Copy the data exactly, pictures aside.

**INFORMATION SHOWN:**
========================

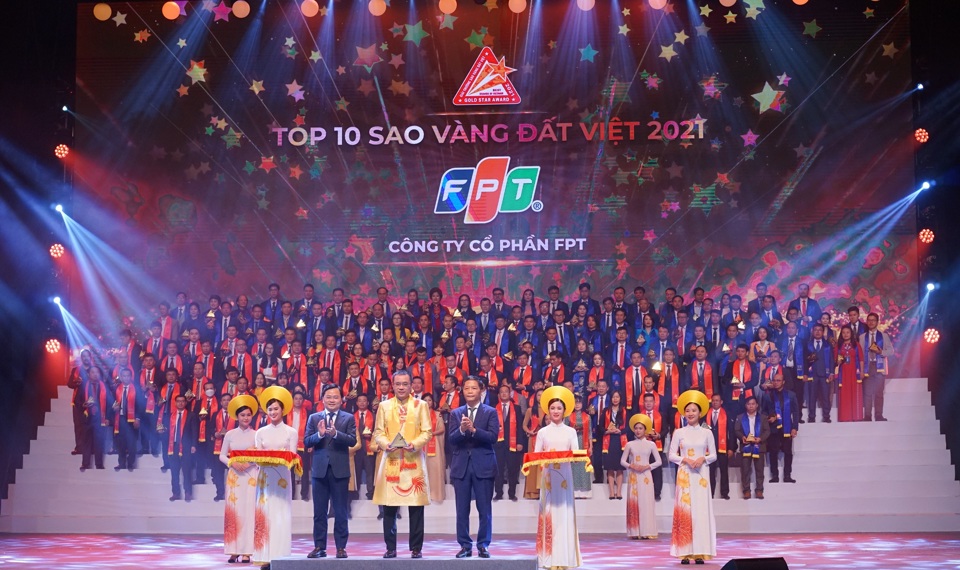 Đại diện FPT nhận giải thưởng Top 10 Sao V&agrave;ng Đất Việt.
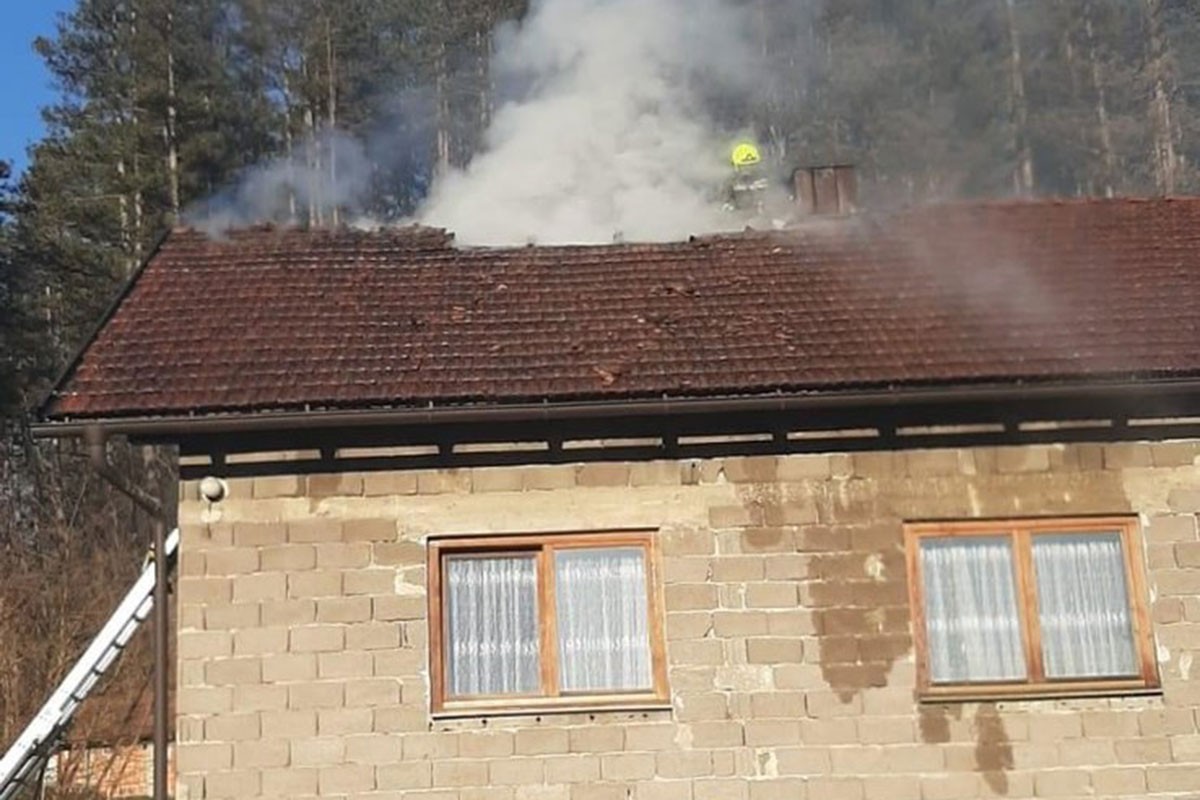 Izbio požar na kući u Banjaluci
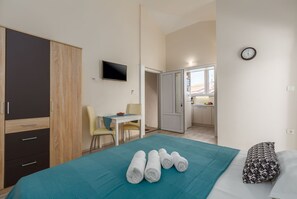 1 bedroom, desk, free WiFi, bed sheets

========================

**TASK OUTPUT:**
 Đại diện FPT nhận giải thưởng Top 10 Sao V&agrave;ng Đất Việt.
 Izbio požar na kući u Banjaluci
 1 bedroom, desk, free WiFi, bed sheets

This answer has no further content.